Another way of looking at the problem is to note that there is no one who is trying to brings costs down directly. Sure, insurers try to do it, but they do it through the types of monetary incentives that economists love: higher copays, lower payments for various procedures, etc. But that’s not actually what most companies do when they have a cost problem. . . . You go and figure out what the problem is and you engineer a solution, whether by redesigning the manufacturing process, reengineering the product to use cheaper parts, negotiating lower wage costs, negotiating lower input costs, or something else. That’s how you solve most problems in the business world — not by tweaking some clever incentive scheme. . . .

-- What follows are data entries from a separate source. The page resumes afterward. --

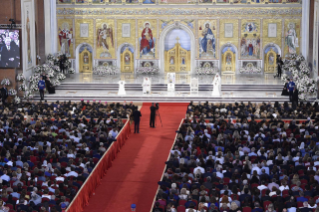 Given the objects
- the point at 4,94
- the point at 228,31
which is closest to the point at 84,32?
the point at 228,31

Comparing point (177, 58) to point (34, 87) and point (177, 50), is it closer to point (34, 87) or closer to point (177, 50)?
point (177, 50)

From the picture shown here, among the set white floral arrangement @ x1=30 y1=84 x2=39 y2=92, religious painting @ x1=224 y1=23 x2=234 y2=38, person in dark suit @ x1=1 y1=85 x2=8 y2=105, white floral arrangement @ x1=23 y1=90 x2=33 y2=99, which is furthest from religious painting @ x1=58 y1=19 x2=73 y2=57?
religious painting @ x1=224 y1=23 x2=234 y2=38

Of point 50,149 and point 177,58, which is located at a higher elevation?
point 177,58

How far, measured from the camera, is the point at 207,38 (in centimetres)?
4159

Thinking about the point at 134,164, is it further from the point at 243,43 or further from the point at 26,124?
the point at 243,43

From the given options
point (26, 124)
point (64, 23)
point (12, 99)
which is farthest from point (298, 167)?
point (64, 23)

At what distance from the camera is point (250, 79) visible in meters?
38.9

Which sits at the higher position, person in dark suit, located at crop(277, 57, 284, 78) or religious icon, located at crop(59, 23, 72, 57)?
religious icon, located at crop(59, 23, 72, 57)

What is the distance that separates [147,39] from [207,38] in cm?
433

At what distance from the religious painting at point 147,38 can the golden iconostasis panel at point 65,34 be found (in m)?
5.03

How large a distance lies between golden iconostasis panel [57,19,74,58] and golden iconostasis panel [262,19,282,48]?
45.7 feet

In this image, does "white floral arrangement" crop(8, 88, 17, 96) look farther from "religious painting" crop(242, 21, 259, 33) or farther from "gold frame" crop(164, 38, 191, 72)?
"religious painting" crop(242, 21, 259, 33)

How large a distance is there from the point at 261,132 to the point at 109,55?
72.7ft

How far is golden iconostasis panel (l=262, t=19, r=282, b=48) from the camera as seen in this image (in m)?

In the few examples that Gawande discusses, it results in cost reductions on the order of 20 percent with better outcomes. It seems that for the people who consume the most health care dollars, you can save money simply by focusing on giving them better care — because right now their big problems are things like coverage gaps that prevent them from getting basic care, not being on the right medications, and ending up in the emergency room for catastrophic problems. . . .


That certainly makes sense to me. As soon as you hear someone trying to inject “market principles” through money incentives, watch your wallet. Chances are, it’s an artificial market solution that is more problem than solution.